My life is possible because of those courageous women and because of that community support. Our ability to learn from our differences and find our shared values has always been the best part of America. Our problems shouldn’t be abstract issues to be yelled about by politicians. They are real for us, for our friends, family, and neighbors.
Growing up in Utah, I was never interested in politics. I attended the University of Utah, and like many students searching for meaning and expression, I studied poetry and literature. I graduated in 2008 and became interested, for the first time, in politics. I identified with Barack Obama as a tall kid with a funny name and a multicultural background. I became involved in his campaign and started to feel myself as part of something larger. I realized that my differences and hardships were not what separated me from the American story, but what made me a part of it. I learned that my narrative was my own to write and no one else’s to define.

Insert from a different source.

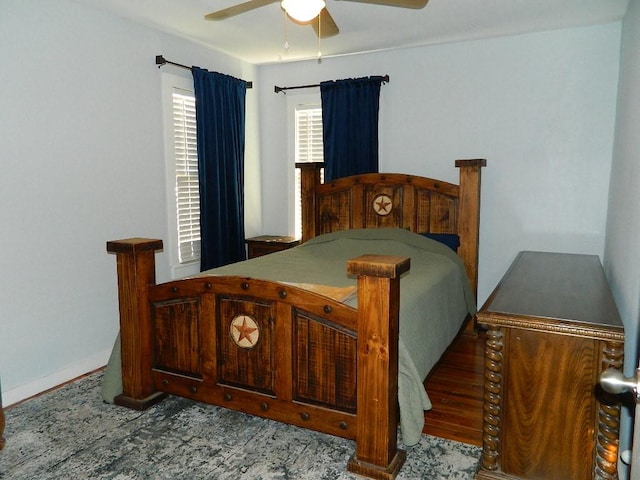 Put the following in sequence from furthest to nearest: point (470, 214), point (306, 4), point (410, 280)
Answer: point (470, 214)
point (410, 280)
point (306, 4)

I also learned to organize and to amplify my voice through my community. I recruited, trained, and coordinated thousands of volunteers. I saw firsthand the untapped power that only grows when community members realize the strength of their voices when they come together. Watching this transition for many from powerlessness to power helped me understand the struggles and victories, if even small, of so many in our history. In 2012 I met President Obama. I knew that his story had changed my life and I wanted so much to pay that forward.
I hope that through my efforts in the legislature I can remind individuals and organizations of their power to create the meaningful change they seek and be part of the values that brought my parents and so many other immigrants to this country. I know that getting progressive legislation passed in Utah can be a challenge. I worked on the grassroots campaign to pass Pre-K legislation in 2014, and I know how to bring a community together to fight for—and win—impactful legislation.
This year, in this election, we have a choice: to live our values, to keep families in our community from being torn apart by deportation, to make sure all children have a shot at a bright future. We can choose to build a community that finds common sense solutions to environmental problems that affect every one of us.
We have faced dark political times in this country. And every time we do, we find a way to come together. We answer the call.